Meanwhile, South Africa is most likely to be in the news -- after the failing health of the great Mandela -- because of the upcoming murder trial of Oscar Pistorious, who shot and killed his model girlfriend, Reeva Steenkamp, in the bathroom of his home. Pistorious achieved international acclaim as the Olympics "blade runner" who ran on springy prosthetic "legs."

South Africa -- and Pistorious -- don't seem to be taking the whole murder case too seriously. Pistorious doesn't contest that he shot and killed his girlfriend -- who reported that he was prone to violent outbursts and that the two had been "fighting a lot." Nonetheless, he is out on bail and training and competing internationally. The trial has been postponed until August, and the authorities would consider it a victory to begin it before the end of the year.

Here's what Pistorious' case tells us about South Africa, as described in Time:

South Africa is an armed camp, where well-off whites live in residential enclaves surrounded by private security professionals while arming themselves to the teeth to protect themselves against the mass of impoverished black Africans.

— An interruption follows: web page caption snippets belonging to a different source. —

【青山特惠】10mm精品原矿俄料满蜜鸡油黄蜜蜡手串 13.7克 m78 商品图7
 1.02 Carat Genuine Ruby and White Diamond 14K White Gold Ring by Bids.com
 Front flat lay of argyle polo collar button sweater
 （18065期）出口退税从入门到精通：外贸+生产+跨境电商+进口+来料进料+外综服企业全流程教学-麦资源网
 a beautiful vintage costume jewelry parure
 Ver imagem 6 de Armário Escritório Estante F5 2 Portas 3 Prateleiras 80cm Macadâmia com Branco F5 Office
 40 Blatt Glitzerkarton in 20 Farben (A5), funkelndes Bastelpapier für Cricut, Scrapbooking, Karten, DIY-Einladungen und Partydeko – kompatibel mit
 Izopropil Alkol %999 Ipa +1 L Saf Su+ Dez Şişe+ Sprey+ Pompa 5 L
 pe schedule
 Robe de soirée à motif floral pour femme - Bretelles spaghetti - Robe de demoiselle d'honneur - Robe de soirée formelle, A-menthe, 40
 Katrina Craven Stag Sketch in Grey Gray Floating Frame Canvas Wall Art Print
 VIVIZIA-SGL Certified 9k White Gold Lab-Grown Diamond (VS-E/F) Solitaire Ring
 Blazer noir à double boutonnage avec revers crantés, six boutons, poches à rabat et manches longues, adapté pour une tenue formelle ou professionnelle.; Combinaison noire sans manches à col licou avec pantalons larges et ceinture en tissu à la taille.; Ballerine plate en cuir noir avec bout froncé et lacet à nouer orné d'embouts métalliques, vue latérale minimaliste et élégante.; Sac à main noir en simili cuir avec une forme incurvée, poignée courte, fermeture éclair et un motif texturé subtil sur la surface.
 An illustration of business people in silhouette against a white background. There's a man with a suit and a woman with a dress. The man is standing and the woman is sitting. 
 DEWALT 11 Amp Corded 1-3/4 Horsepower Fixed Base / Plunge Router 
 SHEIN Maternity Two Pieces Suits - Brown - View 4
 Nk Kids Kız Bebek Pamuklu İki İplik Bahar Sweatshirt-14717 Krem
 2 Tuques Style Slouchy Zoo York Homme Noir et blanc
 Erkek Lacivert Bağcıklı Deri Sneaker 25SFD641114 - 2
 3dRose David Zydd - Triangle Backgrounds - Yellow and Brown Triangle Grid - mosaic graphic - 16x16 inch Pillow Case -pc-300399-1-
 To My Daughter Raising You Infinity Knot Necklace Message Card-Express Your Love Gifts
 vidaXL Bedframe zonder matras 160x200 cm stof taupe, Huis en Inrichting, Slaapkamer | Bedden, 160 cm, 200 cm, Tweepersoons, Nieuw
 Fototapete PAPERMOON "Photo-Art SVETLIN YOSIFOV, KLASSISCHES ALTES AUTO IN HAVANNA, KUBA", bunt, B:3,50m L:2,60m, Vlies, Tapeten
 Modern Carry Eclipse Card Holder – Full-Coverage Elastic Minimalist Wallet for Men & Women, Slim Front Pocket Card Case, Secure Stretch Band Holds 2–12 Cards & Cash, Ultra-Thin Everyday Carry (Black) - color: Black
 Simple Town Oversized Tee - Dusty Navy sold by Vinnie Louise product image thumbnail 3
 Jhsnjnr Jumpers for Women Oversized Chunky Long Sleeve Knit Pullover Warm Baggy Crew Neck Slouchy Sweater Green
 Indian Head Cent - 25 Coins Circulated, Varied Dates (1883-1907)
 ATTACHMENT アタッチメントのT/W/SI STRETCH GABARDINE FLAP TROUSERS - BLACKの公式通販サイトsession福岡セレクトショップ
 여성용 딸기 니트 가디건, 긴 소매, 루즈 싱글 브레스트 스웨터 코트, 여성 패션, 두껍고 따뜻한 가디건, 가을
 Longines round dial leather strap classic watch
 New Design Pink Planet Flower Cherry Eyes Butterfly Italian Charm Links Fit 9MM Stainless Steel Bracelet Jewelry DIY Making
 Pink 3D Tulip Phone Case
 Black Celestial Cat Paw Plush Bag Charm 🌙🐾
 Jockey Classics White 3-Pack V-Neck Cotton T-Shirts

This is the basis for Pistorious' defense, since it is so plausible that he might fear intruders in a country rife with crime and thus he was armed to the teeth and at hair-trigger readiness.

The prosecution faces significant difficulties in bringing the case, because of the rampant corruption and violence associated with the police force (along with its ineptness). The lead detective in the case, Hilton Botha, was replaced following his initial testimony, which revealed not only many errors by the investigators, but also that Botha faced murder charges for shooting a group of Black Africans traveling in a minivan bus.

Mandela's party, the ANC, has been involved in a non-stop series of scandals in its nearly decade-long reign over the country, disillusioning supporters and Mandela admirers. Along with the discouraging idea that the leading black African government exists mainly to enrich its rulers, the troubling ANC has emerged as a principal supporter of Zimbabwe dictator Robert Mugabe. (We in the United States tend to look askance on elected officials in their fourth decade as heads of state.)

While we may all admire Mandela inordinately, he is not a happy example about how much a great man can bring his country along with him. South Africa is imploding, a ramshackle oligarchy racked with crime, resembling nothing so much as a futuristic "District 9."